We offered hourly paid infrastructure support services that would cover all client’s needs and requests with no fixed monthly budget commitment. Within this agreement, we worked on regular and emergency tasks, infrastructure optimization, security improvement, etc.

Examples of what we did within our infrastructure support services:

Optimized architecture and database performance via the implementation of Aurora Serverless and later Aurora Serverless 2 for improved vertical fractional scaling.
Connected Elasticsearch and SQS
Dockerized the mobile app and put Docker containers in ECS to unify development and testing and simplify app deployment
Implemented the microservices architecture for the mobile app

We still provide infrastructure support services to INTERTOP but now they have an in-house DevOps engineer.

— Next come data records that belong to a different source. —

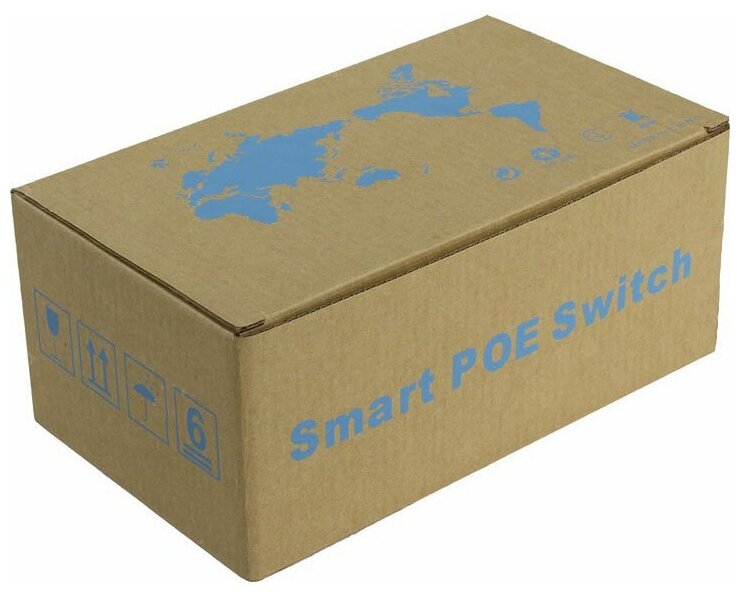 POE-коммутатор 8-канальный RJ45 UPLINK POE-A 144Вт ORIENT SWP-7508POE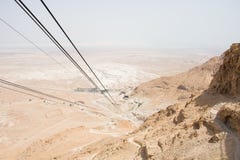 Фуникулер к Masada стоковые фото Фуникулер к Masada стоковые фото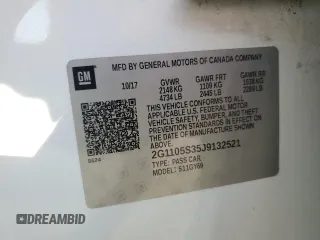2018 Chevrolet Impala LT с VIN 2G1105S35J9132521, выставлен на аукционе Copart как лот 57361375 с пробегом 126 532 миль миль и Списание • Salvage title. История ставок и продаж доступна на DreamBid. Изображение 12.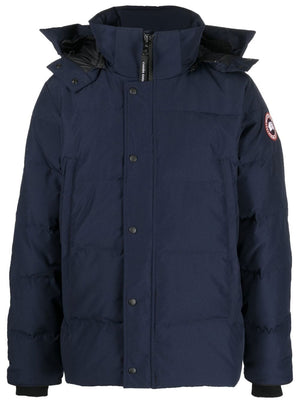 CANADA GOOSE Men's Grey Hooded Down Jacket for Cold Weather - FW24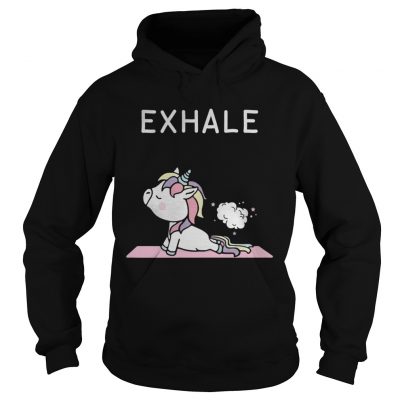 Unicorn yoga exhale hoodie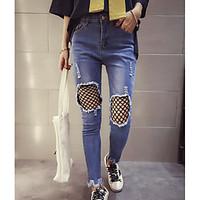 Women\'s High Waist Micro-elastic Culotte Pants, Sexy Slim Solid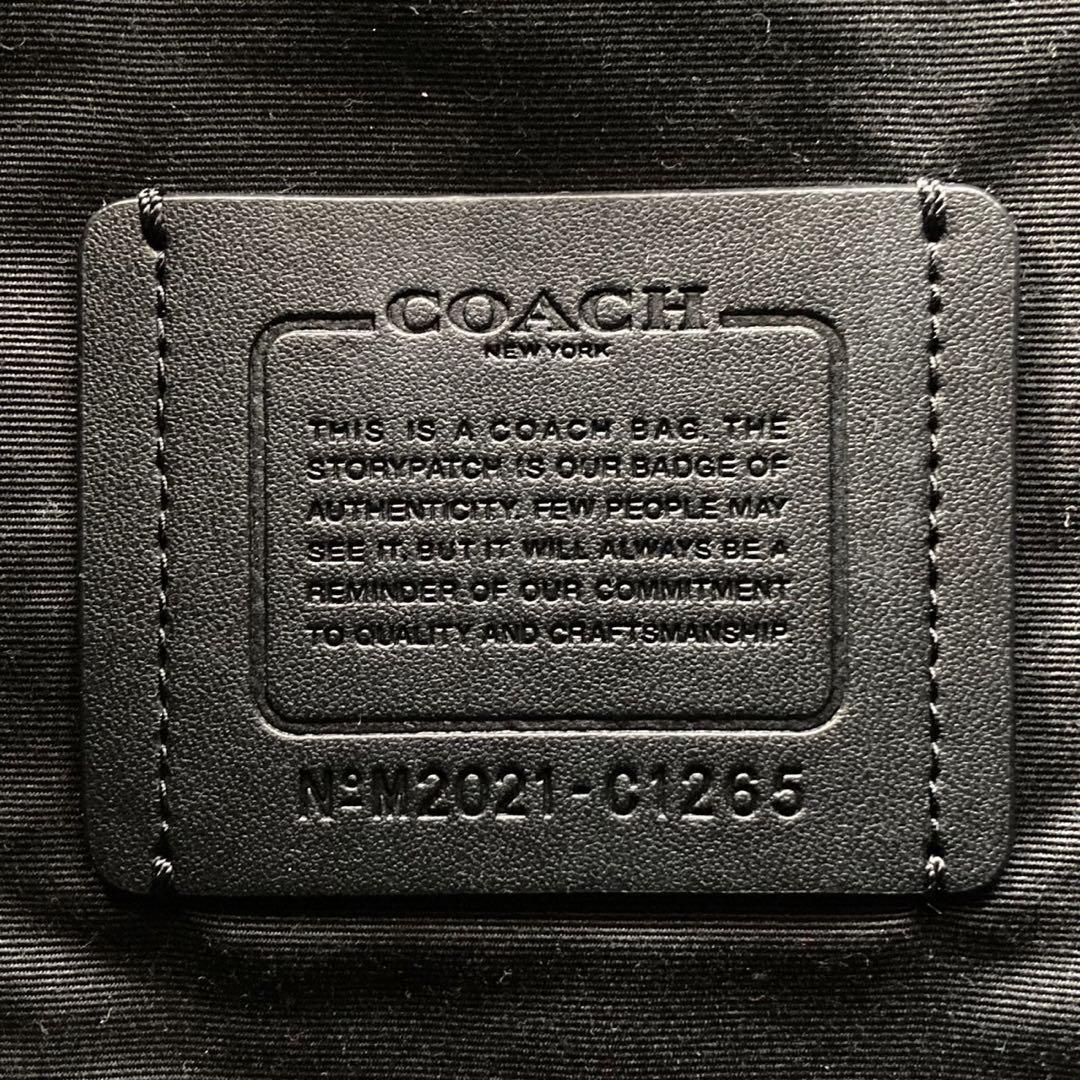 1円～【未使用級・人気品】COACH コーチ リュックサック ヘリテージ バックパック スムースレザー ブラック A4 PC ビジネス 通勤 通学_画像10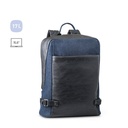 DIVERGENT BACKPACK I. Zaino porta PC fino a 15'6'' in denim e PU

Their full-time specialist usually does regular tasks and our team provides more complex services, and overall architecture guidance and consulting.

Key Results and Business Value:

1. 100% system scalability

2. 60% cost savings on autoscaling

3. Up to 70% cost saving via renting Spot Instances

4. Saving about 30% by purchasing Reserved Instances

5. 0,05% from online profit spent on AWS

6. 0,2 s website response time

7. Increased system reliability (only 2 critical issues happened within 4 years)

Features Delivered:

1. AWS-based infrastructure

2. Improved system performance and reliability

3. System autoscaling

Technologies we used

Client’s feedback

“Partnering with IT-Magic has transformed our technological landscape. Their expertise in AWS cloud migration and infrastructure optimization has significantly improved our system’s stability and performance while reducing costs. The flexible support model has seamlessly complemented our in-house team, accelerating our development process and enabling us to provide our customers with an unparalleled shopping experience. We highly recommend their services to any business looking to scale and optimize their infrastructure.”